The distribution of ingest a node receives is usually dictated by the number of Digest Partitions configured in the Cluster Administration page per host. If a node is receiving too little or too much ingest, compared to other nodes, you may want to Re-configure the Digest Partitions so they are distributed evenly.
This shows how much CPU resources each Humio node is utilising. Within a cluster, if each Humio node has the same specifications, and digest and storage partitions are evenly distributed. you would expect each Humio node to have about the same CPU usage.
If some nodes are experiencing particularly high usage, this may indicate that something is wrong with Humio or the cluster setup.
This is the number of segments to be queued for search by a query per vHost (i.e., Humio Node ID). When a query is run by a user or a dashboard or an alert, Humio needs resources to pull the segment files in question, have them scanned and then return the results to the query. If those resources aren’t available, queries get put into a queue.
Ideally, this value per Humio node is kept at 0. That means that all Humio nodes don’t have to wait to scan segments as soon as it gets the query. Spikes can be expected, especially during times when more queries are received than usual. A constant queue, however, could indicate built up load on the nodes, which will mean slow queries.
This is a timechart of the Humio Metric named
data-ingester-errors. It shows the errors per second for each repository in which there was an error parsing an event. To investigate, you can run a query in the repository affected by the errors that looks like this:
@error=true | groupby(@error_msg)
This will show you all of the ingest error messages. It should give you an indication as to what went wrong.
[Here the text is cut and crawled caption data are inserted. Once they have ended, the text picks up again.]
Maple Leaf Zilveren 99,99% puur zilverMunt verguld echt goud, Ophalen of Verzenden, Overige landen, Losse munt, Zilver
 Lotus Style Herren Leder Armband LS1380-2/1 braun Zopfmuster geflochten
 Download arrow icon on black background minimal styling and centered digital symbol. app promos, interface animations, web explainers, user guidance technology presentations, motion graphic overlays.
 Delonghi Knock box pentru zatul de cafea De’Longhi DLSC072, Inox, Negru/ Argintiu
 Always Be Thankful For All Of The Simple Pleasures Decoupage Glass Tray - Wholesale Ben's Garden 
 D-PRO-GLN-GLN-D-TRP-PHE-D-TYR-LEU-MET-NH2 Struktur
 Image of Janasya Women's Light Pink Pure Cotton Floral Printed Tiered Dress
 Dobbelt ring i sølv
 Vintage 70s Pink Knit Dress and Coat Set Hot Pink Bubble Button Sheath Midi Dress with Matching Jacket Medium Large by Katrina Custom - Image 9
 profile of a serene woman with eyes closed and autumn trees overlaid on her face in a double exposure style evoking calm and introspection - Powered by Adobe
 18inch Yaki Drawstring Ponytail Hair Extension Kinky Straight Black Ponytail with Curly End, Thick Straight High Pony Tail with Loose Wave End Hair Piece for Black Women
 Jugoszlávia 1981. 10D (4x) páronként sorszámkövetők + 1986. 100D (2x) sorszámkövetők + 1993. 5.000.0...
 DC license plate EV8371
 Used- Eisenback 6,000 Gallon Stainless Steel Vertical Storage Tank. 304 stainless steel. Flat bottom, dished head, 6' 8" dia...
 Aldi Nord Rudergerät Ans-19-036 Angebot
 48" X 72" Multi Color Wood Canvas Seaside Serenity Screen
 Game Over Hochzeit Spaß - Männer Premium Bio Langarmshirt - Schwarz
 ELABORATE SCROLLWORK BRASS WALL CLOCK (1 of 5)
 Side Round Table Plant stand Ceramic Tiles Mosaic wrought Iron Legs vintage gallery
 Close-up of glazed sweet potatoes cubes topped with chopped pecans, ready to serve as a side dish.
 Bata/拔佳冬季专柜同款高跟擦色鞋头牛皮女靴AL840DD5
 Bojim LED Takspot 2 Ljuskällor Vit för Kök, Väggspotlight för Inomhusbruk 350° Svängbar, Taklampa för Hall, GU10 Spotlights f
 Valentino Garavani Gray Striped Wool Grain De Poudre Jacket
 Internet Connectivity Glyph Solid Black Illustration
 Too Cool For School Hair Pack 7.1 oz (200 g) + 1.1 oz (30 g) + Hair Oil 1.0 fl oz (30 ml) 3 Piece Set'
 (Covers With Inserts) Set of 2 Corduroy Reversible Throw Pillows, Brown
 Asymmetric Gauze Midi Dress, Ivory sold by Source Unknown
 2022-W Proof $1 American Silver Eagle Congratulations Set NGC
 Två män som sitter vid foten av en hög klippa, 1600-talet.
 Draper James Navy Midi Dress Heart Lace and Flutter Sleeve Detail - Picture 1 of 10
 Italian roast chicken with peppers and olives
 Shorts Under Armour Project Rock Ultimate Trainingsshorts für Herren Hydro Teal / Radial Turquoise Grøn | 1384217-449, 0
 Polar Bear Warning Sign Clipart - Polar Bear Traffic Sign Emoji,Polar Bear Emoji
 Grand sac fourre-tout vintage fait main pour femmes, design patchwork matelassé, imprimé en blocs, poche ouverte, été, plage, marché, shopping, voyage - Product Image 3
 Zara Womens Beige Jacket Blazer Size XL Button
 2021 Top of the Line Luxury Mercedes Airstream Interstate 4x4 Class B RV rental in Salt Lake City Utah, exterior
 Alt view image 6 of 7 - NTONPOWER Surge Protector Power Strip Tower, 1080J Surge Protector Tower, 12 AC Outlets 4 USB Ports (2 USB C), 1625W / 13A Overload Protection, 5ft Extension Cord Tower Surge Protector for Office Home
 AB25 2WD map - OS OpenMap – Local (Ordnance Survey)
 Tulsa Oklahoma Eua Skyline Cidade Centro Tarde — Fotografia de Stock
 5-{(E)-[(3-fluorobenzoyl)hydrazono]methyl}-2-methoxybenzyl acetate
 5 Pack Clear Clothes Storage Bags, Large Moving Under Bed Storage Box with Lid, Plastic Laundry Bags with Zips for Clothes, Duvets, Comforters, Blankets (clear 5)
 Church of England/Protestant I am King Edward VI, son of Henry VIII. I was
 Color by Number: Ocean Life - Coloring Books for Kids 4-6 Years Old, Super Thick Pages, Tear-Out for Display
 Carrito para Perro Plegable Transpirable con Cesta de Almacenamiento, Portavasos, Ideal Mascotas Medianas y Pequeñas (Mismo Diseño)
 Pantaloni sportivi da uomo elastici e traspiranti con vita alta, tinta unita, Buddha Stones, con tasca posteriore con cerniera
This a very important metric in Humio as it can indicate slowness in the cluster. This timechart shows the average and median of the ingest latency metric. Ingest latency is defined as the time taken from an event being inserted into the ingest queue to then being digested — before being parsed — updating live queries and adding the event to blocks ready for segment files.
Ideally, keeping this value less than 10 seconds per node is a sign that the cluster is healthy.
Continuous increases in latency on one or more nodes can suggest problems. This is usually because Humio is not digesting as fast as it’s ingesting. This could mean Humio is sending too much data than what the capabilities of its resources, or the resources are being used elsewhere.
Humio has a threshold built in that will start rejecting events from log shippers if Ingest Latency reaches a certain limit. See reference page on MAX_INGEST_DELAY_SECONDS.
This shows the top Humio ERRORs in a cluster. The format is
"$humioClass | $errorMessage | $exception". This might give you an indication of issues in a cluster.
This is a timechart of the Errors Grouped over time.